The issues may be vexing, but the surroundings will be lush and serene when the US and Russian presidents meet today in a stately 18th century villa overlooking Lake Geneva.
The first face-to-face meeting between Joe Biden since he became US president in January and Russia’s Vladimir Putin could run four to five hours or beyond while they discuss arms control, cyber-hacking and election interference.
But in a sign of the strained ties, it will not include any meals and the two will hold separate news conferences rather than a joint one.
“No breaking of bread,” a senior US official told reporters as Biden flew to Geneva for the talks, scheduled to begin about 1pm (1100 GMT) in Villa La Grange, an elegant gray mansion set in a 30-hectare (nearly 75-acre) park.
Putin arrives first at the villa, where the two will meet Swiss president Guy Parmelin before starting their talks in the library, which contains historic leather-bound volumes, including works in Chinese, French, Persian and Turkish.

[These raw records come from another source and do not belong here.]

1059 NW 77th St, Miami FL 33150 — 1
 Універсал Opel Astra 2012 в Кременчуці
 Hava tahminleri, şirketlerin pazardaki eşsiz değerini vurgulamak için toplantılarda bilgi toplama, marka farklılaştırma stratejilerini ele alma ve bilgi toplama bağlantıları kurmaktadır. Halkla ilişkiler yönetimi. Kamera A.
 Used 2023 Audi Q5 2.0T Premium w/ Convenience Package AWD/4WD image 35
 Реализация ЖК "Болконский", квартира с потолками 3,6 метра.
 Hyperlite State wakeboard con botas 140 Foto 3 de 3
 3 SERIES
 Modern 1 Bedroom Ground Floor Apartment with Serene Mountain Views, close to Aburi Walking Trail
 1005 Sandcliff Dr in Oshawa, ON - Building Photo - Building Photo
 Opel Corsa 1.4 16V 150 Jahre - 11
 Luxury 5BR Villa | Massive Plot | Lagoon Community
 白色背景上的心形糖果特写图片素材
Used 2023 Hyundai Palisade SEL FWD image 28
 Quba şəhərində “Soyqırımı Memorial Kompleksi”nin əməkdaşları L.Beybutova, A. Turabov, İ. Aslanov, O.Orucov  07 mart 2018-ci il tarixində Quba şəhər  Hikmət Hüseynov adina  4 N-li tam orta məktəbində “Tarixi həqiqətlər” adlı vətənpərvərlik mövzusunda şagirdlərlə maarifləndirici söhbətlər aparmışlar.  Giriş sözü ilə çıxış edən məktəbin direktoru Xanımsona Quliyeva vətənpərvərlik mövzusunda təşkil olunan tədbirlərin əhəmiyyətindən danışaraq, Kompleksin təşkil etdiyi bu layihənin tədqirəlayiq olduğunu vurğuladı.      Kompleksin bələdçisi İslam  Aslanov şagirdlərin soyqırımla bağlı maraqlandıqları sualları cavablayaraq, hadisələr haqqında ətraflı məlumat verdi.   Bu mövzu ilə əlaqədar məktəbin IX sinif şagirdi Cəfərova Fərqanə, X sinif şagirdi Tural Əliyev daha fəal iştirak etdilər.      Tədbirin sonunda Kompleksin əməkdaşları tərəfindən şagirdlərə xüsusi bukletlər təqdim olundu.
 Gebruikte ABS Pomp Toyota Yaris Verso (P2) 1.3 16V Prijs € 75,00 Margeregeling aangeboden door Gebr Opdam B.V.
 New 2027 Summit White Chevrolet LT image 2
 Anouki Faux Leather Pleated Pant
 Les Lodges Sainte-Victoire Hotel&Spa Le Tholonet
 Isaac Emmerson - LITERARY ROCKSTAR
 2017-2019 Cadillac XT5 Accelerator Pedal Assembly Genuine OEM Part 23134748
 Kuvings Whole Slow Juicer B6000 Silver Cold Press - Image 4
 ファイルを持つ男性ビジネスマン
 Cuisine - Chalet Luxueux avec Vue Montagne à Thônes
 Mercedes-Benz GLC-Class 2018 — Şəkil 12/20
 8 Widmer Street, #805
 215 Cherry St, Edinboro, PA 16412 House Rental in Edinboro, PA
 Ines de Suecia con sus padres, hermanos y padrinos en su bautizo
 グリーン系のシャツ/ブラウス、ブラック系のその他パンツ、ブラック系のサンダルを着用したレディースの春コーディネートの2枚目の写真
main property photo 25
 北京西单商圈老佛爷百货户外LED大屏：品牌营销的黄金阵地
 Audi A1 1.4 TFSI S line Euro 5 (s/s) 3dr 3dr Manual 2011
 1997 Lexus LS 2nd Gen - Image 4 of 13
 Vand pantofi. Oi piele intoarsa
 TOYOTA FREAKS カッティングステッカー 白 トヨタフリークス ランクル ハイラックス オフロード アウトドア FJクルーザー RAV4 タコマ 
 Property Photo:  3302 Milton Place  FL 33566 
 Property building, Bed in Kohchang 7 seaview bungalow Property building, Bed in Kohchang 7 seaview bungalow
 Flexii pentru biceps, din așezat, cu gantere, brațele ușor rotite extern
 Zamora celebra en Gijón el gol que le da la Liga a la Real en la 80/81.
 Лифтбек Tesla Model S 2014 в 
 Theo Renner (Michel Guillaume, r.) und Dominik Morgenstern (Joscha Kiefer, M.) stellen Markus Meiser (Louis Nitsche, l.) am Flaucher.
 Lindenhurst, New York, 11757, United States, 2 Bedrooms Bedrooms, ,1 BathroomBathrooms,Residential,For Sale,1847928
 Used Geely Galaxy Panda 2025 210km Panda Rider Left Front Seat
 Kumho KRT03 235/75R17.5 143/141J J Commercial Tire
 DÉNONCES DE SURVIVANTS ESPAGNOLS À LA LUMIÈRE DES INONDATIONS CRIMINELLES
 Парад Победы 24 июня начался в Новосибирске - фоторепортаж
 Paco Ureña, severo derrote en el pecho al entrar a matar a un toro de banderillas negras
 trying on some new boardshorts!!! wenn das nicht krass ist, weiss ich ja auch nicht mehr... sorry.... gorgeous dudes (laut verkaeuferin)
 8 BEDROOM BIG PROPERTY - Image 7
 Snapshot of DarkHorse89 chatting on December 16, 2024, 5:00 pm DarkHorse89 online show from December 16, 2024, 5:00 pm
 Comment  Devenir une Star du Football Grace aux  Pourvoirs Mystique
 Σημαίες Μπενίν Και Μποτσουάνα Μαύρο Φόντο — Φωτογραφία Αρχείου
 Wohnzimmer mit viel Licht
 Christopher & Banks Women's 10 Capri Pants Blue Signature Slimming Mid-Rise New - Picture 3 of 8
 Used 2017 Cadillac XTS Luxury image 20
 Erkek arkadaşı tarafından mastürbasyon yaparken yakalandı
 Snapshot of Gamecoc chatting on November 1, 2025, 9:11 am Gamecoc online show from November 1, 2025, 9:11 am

The authors represented among the thousands of books at the villa include Charles Pictet de Rochemont, a Swiss diplomat who prepared the Swiss declaration of permanent neutrality — itself likely a factor in the choice of Geneva for the summit.
Meanwhile, Switzerland is mobilising a “titanic” security effort for the meeting, deploying around 4,000 police, troops and security personnel to guard the summit from all angles.
Geneva is well used to hosting heads of state visiting the United Nations and other international institutions in the Swiss city.
But such showpiece summits are rare and Switzerland is leaving little to chance for the encounter.” It’s an opportunity to show what we are capable of,” said Yvon Langel, commander of the Swiss army’s 1st Territorial Division.
For the summit, the waterfront and Lake Geneva itself will be entirely sealed off within the city centre, while airspace will be closed.
The summit venue, the La Grange villa and its surrounding park, has been ringed with two kilometres of barbed wire-topped security fencing.
“We are at the dawn of a historic moment,” said Stephane Theimer, deputy director of the Swiss national police.
“The task of the Geneva police is titanic,” he told reporters outside La Grange ahead of the summit, calling it a “gigantic deployment”.
Around 2,000 police staff — 95% of the total Geneva police workforce — have been mobilised, backed up by 900 officers from elsewhere in Switzerland. The police in neighbouring France, a few kilometres away, are also on alert.
Around a thousand troops have also been deployed, while the Swiss air force will be policing the sealed-off skies for up to 50 kilometres around the city. Helicopters and fighter jets will be on duty.
However, Colonel Pierre-Yves Eberle, head of the air force operations centre, said the summit would not be buzzed with low-flying jets “unless we had a problem” with a suspect aircraft.
The army was stationing a battalion at the airport, while a surface-to-air defence system has been deployed.
Camouflaged soldiers with backpacks and automatic weapons have been on duty outside La Grange, while police sniffer dogs have been checking out vehicles parked near the perimeter.
Mobile military radar stations with spinning scanners have been deployed on the lakeside, normally the domain of ice cream eaters taking a stroll past the small boats moored along the waterfront.